Pástor expressed great satisfaction that after OLADE’s 38 years of existence it was finally holding its first Oil and Gas Seminar.

“I am pleasantly surprised, too, and that’s why I helped organise this seminar, because oil and gas are the main energy sources in Latin America and the Caribbean,” Victorio Oxilia Dávalos of Paraguay, named executive secretary of OLADE six months ago, told IPS.

“The effort OLADE has put into research and development of alternative energy sources is creditable, but we cannot carry on neglecting oil and gas, which are our countries’ top priority,” he said.

“The oilfields known as ITT for Ishpingo, Tambococha and Tiputini have 846 million barrels in proven reserves, double that amount in probable reserves, and triple that amount in possible reserves,” Pástor said.

Back in 2007 Petroecuador was considering “several alternatives for ITT exploitation: oil extraction by the state company directly; strategic alliances with foreign companies or specifically with the Venezuela state oil company PDVSA; organising an international tender; or creating a mixed (public-private) firm,” according to a company board resolution of Mar. 30, 2007.

If Correa gives the go-ahead, the Tiputini and Tambococha (TT) fields “which are outside the Yasuní reserve” will be exploited, but not the Ishpingo field, which is within its borders, Pástor announced.

But environmentalists say the damage will be irreparable, because the TT fields are in the buffer zone which is essential for the park’s conservation.

The estimated oil reserves in the TT fields are 461 million barrels, the minister said.

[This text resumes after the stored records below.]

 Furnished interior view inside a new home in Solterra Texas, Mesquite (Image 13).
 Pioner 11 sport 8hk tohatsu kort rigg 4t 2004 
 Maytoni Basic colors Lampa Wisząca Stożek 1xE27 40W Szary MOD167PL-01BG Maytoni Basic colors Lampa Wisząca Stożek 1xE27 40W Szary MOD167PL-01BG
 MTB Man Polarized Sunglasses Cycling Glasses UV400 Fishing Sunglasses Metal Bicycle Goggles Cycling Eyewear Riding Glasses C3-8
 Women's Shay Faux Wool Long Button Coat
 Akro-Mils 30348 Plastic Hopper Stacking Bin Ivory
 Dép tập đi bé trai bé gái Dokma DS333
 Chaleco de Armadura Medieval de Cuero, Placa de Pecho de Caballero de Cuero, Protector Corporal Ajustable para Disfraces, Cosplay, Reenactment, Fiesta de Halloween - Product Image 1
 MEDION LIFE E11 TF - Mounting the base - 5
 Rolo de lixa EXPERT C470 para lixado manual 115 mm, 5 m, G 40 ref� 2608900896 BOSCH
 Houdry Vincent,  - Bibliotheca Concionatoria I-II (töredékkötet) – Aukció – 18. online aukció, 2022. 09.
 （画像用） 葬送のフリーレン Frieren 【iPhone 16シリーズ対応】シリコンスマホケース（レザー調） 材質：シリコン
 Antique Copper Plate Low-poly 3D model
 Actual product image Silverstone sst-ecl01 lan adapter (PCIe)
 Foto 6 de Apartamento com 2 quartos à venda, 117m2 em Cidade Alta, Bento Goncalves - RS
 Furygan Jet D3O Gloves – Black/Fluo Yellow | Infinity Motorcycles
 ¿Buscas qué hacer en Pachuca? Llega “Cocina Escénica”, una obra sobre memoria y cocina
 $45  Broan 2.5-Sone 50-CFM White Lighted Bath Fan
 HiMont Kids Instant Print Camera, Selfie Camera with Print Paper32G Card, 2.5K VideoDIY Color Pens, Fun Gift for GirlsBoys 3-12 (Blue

Meanwhile, the German government said it will not support the Yasuní-ITT initiative, because the precedent might be imitated by other countries. The announcement came as very bad news for the initiative.

Germany’s Secretary for Economic Cooperation and Development Gudrun Kopp told a German parliamentary commission in early June that “a direct payment into a fund of this type would set a precedent that could ultimately prove very costly.”

Kopp said that if Germany supported the “principle of failure to act,” as proposed by Ecuador, by giving official development funds to the Yasuní reserve, it could then come under pressure by other countries to finance similar proposals.

Although German social democratic, Green and leftwing lawmakers are enthusiastic supporters of the Yasuní-ITT initiative, the German government has taken such a firm position against it that it refused to meet with Ivonne Baki, Ecuador’s top negotiator for the initiative, a former minister.

On one of President Correa’s regular Saturday national broadcasts, Baki publicly asked him to stop talking about “Plan B” because it weakens efforts to raise funds for “Plan A.”

Correa cheerfully replied that he would continue to talk about “Plan B” because his main concern is the future of Ecuadorians, and if international cooperation is not forthcoming he will have to authorise it.

In the circumstances, it appears increasingly unlikely that the oil under the Yasuní nature reserve will remain untapped for long.